Other supportive measures:

• Good analgesia, for Example. morphine, paracetamol, NSAIDs
• Anti-histamines for decreasing histamine-induced adverse reactions
• Gastroprotection: Against Curlings ulcers (Example. PPIs such as pantoprazole)

Nutritional Support for Burn

Forms an important feature of effective burn patient management. Hypermetabolism occurs following the injury and the diet should accommodate for the higher carbohydrate and protein requirements.

This increased metabolic rate begins immediately following injury and can go up to 150 to 200% of normal and persists until complete wound coverage is achieved.

The hypermetabolism may extend for months thereafter. Oral feeding should be encouraged and started early. For those who do not tolerate oral feeds, nasogastric tube feeding may be given.

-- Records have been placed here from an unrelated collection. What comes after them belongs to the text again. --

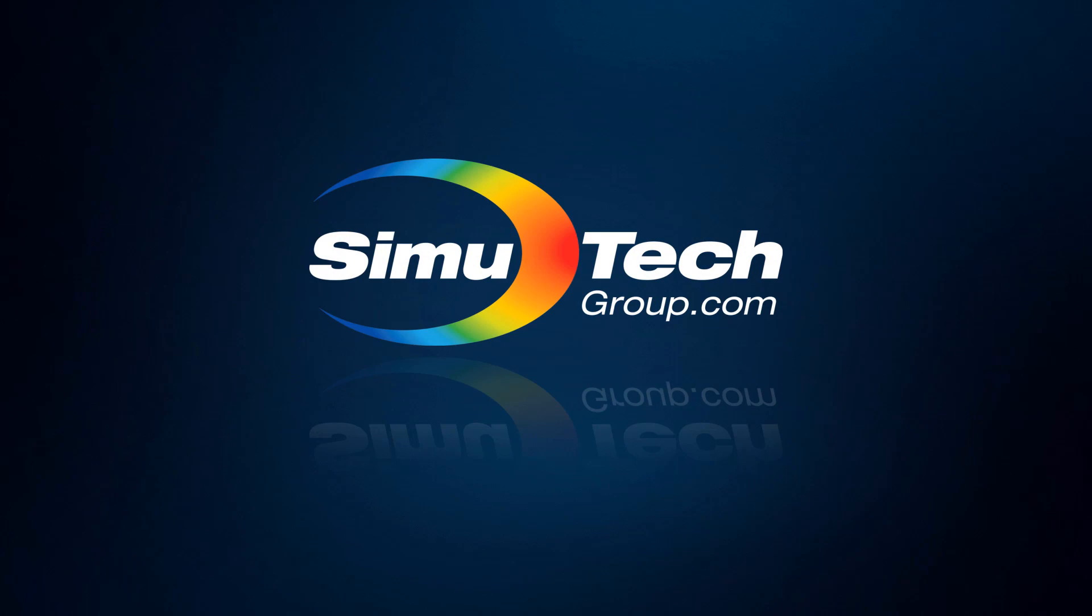Hello. Welcome to the Simutrain FEA Tips and Tricks series brought to you by Simutech Group.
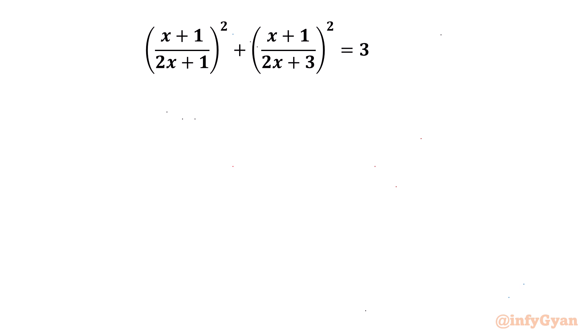Hello everyone. Welcome back to InfiJarn. In this video we will be solving another very interesting and challenging question from rational equations: (x+1)/(2x+1)² + (x+1)/(2x+3)² = 3. So let us get started.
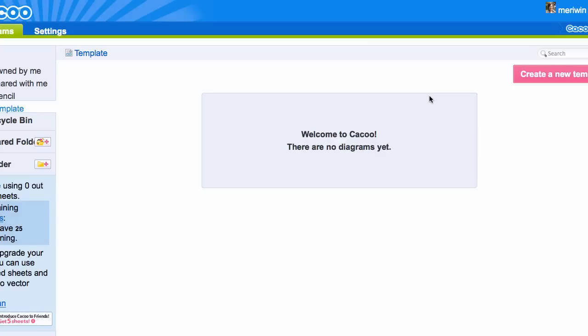In this lesson we're going to create a wireframe. A wireframe for a web page is like a blueprint for a house. You don't get into colors, you don't get into textures or anything like that. All you're doing is planning the layout of your website.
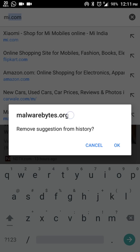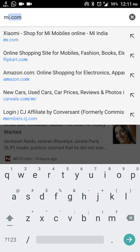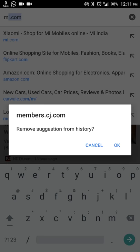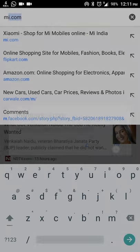Tap and hold on Malwarebytes.org and it will ask you to remove suggestions from history. Click OK. And I don't want members.cj.com either — tap and hold that URL and click OK.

Curreri formula for calculating calorific requirement:

Adults: 25 kcal × weight (kg) + 40 kcal × % TBSA

Protein requirement:

• 2 g × kg body weight per day
• Supplements such as vitamin A, vitamin C, zinc, omega-3 fatty acids, glutamine, iron, etc. are also given routinely.

Burn Wound Infection

• Early burn wound is sterile due to the thermal effect. Contamination of the wound occurs either from the environment or by opportunistic pathogens from the patient’s own body.
• Infection remains a significant risk following burn injury. Burn patients are also immunocompromised for a number of reasons.
  1. Loss of protective skin barrier
  2. Cellular and humoral portions of the immune response are compromised.
  3. Hypoproteinemia → Decreased production of antibodies
  4. Impaired chemotaxis and phagocytosis

Infection can be bacterial, fungal, or viral. Most often the infection is by bacteria and that too aerobic organisms. Common gram-positive infections are by Staphylococcus species, streptococci, and enterococci.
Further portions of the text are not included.